April 11, 2026
Chunk Wars ignite
How Much Linear Memory Access Is Enough?
1MB is enough? Dev drops data, coders cheer, 'Grug' asks now what, GPU crowd says go gigabytes
TLDR: New tests claim most apps hit full speed with 1MB memory chunks (and sometimes much smaller), challenging the “bigger is always better” mantra. The comments split fast: data lovers cheer the receipts, GPU folks boast about gigabyte-scale chunks, and “Grug programmers” just want simple, practical rules they can use.

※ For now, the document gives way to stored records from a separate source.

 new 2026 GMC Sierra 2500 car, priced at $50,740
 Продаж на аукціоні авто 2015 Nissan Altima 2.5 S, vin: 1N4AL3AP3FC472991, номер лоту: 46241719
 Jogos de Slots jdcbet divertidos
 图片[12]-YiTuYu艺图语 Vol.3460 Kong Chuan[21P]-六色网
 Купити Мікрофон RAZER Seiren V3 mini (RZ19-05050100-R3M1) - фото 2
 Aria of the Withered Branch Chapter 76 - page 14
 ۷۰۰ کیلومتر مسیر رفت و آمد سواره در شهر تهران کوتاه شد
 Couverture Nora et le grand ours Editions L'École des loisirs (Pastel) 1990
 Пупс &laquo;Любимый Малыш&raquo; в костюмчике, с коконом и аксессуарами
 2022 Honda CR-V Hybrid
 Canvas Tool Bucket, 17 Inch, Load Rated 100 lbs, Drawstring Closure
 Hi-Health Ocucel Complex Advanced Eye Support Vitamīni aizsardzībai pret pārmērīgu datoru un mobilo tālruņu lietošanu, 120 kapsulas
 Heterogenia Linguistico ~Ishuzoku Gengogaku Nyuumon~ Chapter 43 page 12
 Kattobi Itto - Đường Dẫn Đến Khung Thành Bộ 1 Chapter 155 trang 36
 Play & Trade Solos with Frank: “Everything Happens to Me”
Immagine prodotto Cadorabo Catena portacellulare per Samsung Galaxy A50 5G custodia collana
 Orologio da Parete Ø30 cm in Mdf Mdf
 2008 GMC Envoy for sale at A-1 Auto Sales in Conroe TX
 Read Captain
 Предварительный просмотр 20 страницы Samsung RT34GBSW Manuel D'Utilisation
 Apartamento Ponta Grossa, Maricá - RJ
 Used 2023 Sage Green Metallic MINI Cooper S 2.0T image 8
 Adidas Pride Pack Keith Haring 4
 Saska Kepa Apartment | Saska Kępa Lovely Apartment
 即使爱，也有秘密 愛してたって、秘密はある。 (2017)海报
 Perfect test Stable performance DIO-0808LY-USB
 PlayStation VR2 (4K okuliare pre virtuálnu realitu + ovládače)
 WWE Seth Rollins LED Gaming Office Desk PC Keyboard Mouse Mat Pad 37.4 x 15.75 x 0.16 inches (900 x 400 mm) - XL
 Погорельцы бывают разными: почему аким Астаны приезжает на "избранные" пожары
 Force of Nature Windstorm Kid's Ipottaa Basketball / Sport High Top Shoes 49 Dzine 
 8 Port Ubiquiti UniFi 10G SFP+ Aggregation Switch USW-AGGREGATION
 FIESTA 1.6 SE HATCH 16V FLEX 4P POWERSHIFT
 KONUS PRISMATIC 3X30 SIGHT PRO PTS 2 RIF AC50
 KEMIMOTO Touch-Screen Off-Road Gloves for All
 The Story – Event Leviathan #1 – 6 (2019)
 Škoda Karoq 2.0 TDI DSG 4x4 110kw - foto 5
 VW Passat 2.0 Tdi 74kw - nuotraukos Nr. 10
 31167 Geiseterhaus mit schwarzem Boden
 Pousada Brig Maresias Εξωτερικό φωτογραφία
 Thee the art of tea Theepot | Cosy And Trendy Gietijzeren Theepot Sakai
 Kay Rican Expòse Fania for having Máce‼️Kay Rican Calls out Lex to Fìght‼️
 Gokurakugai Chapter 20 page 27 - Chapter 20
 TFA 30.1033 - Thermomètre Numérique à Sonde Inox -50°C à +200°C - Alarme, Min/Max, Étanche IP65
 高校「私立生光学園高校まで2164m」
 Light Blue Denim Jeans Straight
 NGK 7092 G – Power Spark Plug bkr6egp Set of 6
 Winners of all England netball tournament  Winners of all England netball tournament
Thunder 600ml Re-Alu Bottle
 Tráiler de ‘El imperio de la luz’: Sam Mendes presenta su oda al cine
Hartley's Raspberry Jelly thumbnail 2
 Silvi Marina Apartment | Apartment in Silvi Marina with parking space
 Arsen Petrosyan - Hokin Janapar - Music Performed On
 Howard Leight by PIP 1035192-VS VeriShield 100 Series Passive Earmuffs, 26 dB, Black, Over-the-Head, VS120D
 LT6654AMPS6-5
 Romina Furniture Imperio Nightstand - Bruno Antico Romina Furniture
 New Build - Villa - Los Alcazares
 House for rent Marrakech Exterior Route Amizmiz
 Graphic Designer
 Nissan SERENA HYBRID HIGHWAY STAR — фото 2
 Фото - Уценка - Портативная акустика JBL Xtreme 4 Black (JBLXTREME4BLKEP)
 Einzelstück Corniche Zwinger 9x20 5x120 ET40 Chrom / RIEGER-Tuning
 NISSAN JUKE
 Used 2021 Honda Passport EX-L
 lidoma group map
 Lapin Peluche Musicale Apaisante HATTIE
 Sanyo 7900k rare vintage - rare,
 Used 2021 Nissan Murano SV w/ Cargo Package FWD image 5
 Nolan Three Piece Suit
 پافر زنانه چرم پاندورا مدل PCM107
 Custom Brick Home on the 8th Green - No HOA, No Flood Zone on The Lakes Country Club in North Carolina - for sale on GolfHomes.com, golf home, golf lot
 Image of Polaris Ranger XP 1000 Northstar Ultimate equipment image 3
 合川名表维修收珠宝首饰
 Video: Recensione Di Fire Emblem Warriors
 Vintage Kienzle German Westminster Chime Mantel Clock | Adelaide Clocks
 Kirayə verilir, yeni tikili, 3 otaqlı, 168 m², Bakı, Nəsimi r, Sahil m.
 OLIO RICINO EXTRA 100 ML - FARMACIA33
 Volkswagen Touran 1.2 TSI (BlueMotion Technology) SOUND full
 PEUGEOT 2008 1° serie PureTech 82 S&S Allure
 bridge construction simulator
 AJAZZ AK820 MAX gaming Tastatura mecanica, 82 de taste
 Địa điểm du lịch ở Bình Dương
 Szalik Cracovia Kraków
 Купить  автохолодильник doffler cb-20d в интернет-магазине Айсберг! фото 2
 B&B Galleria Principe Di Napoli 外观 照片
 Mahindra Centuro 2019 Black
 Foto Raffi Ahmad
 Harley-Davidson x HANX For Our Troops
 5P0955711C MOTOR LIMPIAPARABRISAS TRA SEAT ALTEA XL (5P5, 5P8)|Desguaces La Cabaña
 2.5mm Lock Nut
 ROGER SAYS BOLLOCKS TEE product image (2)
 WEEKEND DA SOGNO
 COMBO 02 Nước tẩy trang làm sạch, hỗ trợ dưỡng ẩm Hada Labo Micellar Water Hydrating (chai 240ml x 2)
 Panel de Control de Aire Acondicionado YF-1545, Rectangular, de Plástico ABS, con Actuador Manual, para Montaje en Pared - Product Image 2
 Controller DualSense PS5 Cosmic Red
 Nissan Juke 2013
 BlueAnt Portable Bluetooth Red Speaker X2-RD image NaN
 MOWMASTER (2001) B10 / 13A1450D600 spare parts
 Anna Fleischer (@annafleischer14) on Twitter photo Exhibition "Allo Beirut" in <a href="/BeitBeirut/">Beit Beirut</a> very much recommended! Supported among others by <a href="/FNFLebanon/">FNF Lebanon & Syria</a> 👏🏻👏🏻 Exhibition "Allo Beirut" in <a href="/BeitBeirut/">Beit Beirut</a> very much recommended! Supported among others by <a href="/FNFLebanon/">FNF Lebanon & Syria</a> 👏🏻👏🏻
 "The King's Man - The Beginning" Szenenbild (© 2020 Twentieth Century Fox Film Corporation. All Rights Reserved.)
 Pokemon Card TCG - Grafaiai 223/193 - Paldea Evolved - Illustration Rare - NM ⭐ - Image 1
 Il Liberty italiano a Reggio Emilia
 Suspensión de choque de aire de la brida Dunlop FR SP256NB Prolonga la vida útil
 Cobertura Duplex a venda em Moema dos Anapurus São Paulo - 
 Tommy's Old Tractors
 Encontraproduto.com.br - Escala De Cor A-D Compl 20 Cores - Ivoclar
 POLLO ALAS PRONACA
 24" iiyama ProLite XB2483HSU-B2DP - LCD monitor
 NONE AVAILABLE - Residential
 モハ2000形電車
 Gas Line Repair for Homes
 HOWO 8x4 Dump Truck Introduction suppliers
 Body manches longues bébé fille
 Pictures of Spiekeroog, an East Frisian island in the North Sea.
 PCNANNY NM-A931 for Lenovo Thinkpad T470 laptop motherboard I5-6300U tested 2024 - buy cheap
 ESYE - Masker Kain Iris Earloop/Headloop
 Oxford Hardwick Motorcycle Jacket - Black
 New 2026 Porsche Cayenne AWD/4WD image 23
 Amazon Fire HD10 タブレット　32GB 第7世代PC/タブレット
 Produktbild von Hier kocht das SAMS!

A performance-obsessed dev just posted data saying you don’t need giant memory chunks to go fast: for most work, 1MB blocks hit full speed, 128KB is enough if the work per byte isn’t tiny, and even 4KB works when the compute is heavy. Charts, code, and receipts are all on GitHub: github.com/solidean/bench-linear-access. And yes, the internet is already fighting about it.
Fans of “data over dogma” are loving it. The author admits he chased numbers because everyone repeats “more contiguity = better” without proof, and commenters piled in with relief and sass. One engineer flexed that they “reach peak performance before 128KB,” while another, coming from the GPU database world, cracked a smile with “is this nerd sniping?” before bragging they run gigabytes per task when they can. The vibe: Chunk Wars have begun.
Meanwhile, the self-described “Grug Programmer” crowd asked what to actually do: rearrange your data for better use of the tiny fast memory (cache) if you’re doing simple sums, but chill if your code is expensive enough that compute time hides the memory cost. Side threads spun up on whether huge pages (bigger memory blocks the operating system can use) would change the picture, and someone even praised the project while confessing a “mistrust of all booleans.” It’s nerdy, punchy, and blessedly full of numbers.
Key Points
- •Benchmarks quantify block-size thresholds for linear memory access on a Ryzen 9 7950X3D.
- •Findings: ~1 MB blocks suffice for most workloads; ~128 kB suffices at ≥1 cycle/byte; ~4 kB suffices at ≥10 cycles/byte.
- •Experiments fix the total working set and vary block size to measure amortization of block-jump costs.
- •Runs randomize block order and placement within a 4 GB backing memory and flush caches to avoid warm-cache bias.
- •A C++ scalar_stats kernel achieved ~7 GB/s on large blocks (~0.75 cycles/byte), with results and code available on GitHub.